I nodded and thought about this, trying to get it right.
“You’re saying that she was telling you that it would have been impossible for the hundred on your list to have been part of the movie delivery because at that time that hundred-dollar bill was in evidence lockup in regard to the Marina del Rey bank robbery.”
“Exactly. She even went in and checked the evidence to make sure the hundred was still there. It was.”
I tried to think about what this could mean, if it meant anything at all.
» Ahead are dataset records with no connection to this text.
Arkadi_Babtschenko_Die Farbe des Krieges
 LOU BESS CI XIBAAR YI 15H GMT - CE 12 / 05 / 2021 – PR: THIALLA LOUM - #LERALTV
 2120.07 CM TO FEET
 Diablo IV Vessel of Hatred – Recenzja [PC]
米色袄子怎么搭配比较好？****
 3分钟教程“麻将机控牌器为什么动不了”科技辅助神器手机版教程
“What did you and Jack do?”
“Well, not much. There were a lot of numbers—six pages’ worth. We figured maybe we just got a bad one. You know, maybe the guy who recorded it all had messed up, transposed a number or whatever. We were running on a new case by then. Jack said he’d make some calls to the bank and Global Underwriters. But I don’t know if he did. Then, soon after that, we walked into the shit in that bar and everything else sort of drifted away . . . until I thought about Angella Benton and called you. Things are starting to come back to me now, you know?”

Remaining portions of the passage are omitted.